[Opening RECORDS SHOWN section]

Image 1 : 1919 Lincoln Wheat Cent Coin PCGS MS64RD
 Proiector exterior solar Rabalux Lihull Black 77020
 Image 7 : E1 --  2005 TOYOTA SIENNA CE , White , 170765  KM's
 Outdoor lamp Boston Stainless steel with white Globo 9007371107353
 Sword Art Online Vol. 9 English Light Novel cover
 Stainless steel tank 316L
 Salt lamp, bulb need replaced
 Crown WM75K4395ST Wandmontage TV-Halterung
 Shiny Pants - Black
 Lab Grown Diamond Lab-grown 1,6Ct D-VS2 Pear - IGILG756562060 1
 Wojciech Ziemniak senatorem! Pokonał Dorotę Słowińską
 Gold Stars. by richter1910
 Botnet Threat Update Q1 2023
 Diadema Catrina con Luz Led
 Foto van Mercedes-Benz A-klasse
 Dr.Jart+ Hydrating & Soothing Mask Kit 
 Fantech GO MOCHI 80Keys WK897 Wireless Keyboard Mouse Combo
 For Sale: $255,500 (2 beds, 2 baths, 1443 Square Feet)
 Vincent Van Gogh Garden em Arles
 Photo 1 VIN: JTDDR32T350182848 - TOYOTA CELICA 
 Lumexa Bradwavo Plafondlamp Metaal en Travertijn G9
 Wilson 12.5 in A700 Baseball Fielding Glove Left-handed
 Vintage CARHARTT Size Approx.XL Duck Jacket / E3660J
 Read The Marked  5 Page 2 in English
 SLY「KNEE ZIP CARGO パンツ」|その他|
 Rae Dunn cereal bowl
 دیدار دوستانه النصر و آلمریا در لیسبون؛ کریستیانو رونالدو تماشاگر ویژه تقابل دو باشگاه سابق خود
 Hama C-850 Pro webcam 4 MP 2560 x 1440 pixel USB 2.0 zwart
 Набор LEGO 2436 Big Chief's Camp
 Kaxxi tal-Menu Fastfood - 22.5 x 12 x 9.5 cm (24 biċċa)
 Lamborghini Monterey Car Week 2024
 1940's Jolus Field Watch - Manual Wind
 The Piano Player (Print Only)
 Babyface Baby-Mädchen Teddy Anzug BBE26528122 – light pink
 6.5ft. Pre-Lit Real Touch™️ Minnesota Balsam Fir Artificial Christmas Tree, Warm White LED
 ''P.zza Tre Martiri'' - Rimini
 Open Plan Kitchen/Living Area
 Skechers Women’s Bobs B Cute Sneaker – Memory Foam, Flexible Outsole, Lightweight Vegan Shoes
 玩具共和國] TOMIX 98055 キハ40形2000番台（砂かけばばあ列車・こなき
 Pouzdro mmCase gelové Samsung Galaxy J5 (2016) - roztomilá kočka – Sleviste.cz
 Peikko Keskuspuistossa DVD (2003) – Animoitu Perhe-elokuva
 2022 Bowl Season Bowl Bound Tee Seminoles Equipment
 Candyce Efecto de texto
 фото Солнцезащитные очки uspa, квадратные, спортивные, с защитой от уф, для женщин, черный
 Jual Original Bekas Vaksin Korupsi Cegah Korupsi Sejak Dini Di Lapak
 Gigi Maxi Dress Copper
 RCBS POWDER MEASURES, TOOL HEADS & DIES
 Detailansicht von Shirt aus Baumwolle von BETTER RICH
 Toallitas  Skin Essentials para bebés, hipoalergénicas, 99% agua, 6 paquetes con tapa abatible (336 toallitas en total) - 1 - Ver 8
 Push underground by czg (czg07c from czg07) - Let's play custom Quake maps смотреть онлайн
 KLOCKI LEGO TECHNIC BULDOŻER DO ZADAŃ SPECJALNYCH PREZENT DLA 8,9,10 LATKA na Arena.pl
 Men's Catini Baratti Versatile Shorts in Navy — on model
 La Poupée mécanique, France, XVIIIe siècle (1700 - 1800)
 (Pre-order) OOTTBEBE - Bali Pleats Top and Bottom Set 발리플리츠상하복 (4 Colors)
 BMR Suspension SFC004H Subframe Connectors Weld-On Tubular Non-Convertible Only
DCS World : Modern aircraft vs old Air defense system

[Closing RECORDS SHOWN section]

- _ABOUT THIS EXERCISE_
Each line in the material above should be repeated exactly.

- _TASK RESPONSE_
Image 1 : 1919 Lincoln Wheat Cent Coin PCGS MS64RD
 Proiector exterior solar Rabalux Lihull Black 77020
 Image 7 : E1 --  2005 TOYOTA SIENNA CE , White , 170765  KM's
 Outdoor lamp Boston Stainless steel with white Globo 9007371107353
 Sword Art Online Vol. 9 English Light Novel cover
 Stainless steel tank 316L
 Salt lamp, bulb need replaced
 Crown WM75K4395ST Wandmontage TV-Halterung
 Shiny Pants - Black
 Lab Grown Diamond Lab-grown 1,6Ct D-VS2 Pear - IGILG756562060 1
 Wojciech Ziemniak senatorem! Pokonał Dorotę Słowińską
 Gold Stars. by richter1910
 Botnet Threat Update Q1 2023
 Diadema Catrina con Luz Led
 Foto van Mercedes-Benz A-klasse
 Dr.Jart+ Hydrating & Soothing Mask Kit 
 Fantech GO MOCHI 80Keys WK897 Wireless Keyboard Mouse Combo
 For Sale: $255,500 (2 beds, 2 baths, 1443 Square Feet)
 Vincent Van Gogh Garden em Arles
 Photo 1 VIN: JTDDR32T350182848 - TOYOTA CELICA 
 Lumexa Bradwavo Plafondlamp Metaal en Travertijn G9
 Wilson 12.5 in A700 Baseball Fielding Glove Left-handed
 Vintage CARHARTT Size Approx.XL Duck Jacket / E3660J
 Read The Marked  5 Page 2 in English
 SLY「KNEE ZIP CARGO パンツ」|その他|
 Rae Dunn cereal bowl
 دیدار دوستانه النصر و آلمریا در لیسبون؛ کریستیانو رونالدو تماشاگر ویژه تقابل دو باشگاه سابق خود
 Hama C-850 Pro webcam 4 MP 2560 x 1440 pixel USB 2.0 zwart
 Набор LEGO 2436 Big Chief's Camp
 Kaxxi tal-Menu Fastfood - 22.5 x 12 x 9.5 cm (24 biċċa)
 Lamborghini Monterey Car Week 2024
 1940's Jolus Field Watch - Manual Wind
 The Piano Player (Print Only)
 Babyface Baby-Mädchen Teddy Anzug BBE26528122 – light pink
 6.5ft. Pre-Lit Real Touch™️ Minnesota Balsam Fir Artificial Christmas Tree, Warm White LED
 ''P.zza Tre Martiri'' - Rimini
 Open Plan Kitchen/Living Area
 Skechers Women’s Bobs B Cute Sneaker – Memory Foam, Flexible Outsole, Lightweight Vegan Shoes
 玩具共和國] TOMIX 98055 キハ40形2000番台（砂かけばばあ列車・こなき
 Pouzdro mmCase gelové Samsung Galaxy J5 (2016) - roztomilá kočka – Sleviste.cz
 Peikko Keskuspuistossa DVD (2003) – Animoitu Perhe-elokuva
 2022 Bowl Season Bowl Bound Tee Seminoles Equipment
 Candyce Efecto de texto
 фото Солнцезащитные очки uspa, квадратные, спортивные, с защитой от уф, для женщин, черный
 Jual Original Bekas Vaksin Korupsi Cegah Korupsi Sejak Dini Di Lapak
 Gigi Maxi Dress Copper
 RCBS POWDER MEASURES, TOOL HEADS & DIES
 Detailansicht von Shirt aus Baumwolle von BETTER RICH
 Toallitas  Skin Essentials para bebés, hipoalergénicas, 99% agua, 6 paquetes con tapa abatible (336 toallitas en total) - 1 - Ver 8
 Push underground by czg (czg07c from czg07) - Let's play custom Quake maps смотреть онлайн
 KLOCKI LEGO TECHNIC BULDOŻER DO ZADAŃ SPECJALNYCH PREZENT DLA 8,9,10 LATKA na Arena.pl
 Men's Catini Baratti Versatile Shorts in Navy — on model
 La Poupée mécanique, France, XVIIIe siècle (1700 - 1800)
 (Pre-order) OOTTBEBE - Bali Pleats Top and Bottom Set 발리플리츠상하복 (4 Colors)
 BMR Suspension SFC004H Subframe Connectors Weld-On Tubular Non-Convertible Only
DCS World : Modern aircraft vs old Air defense system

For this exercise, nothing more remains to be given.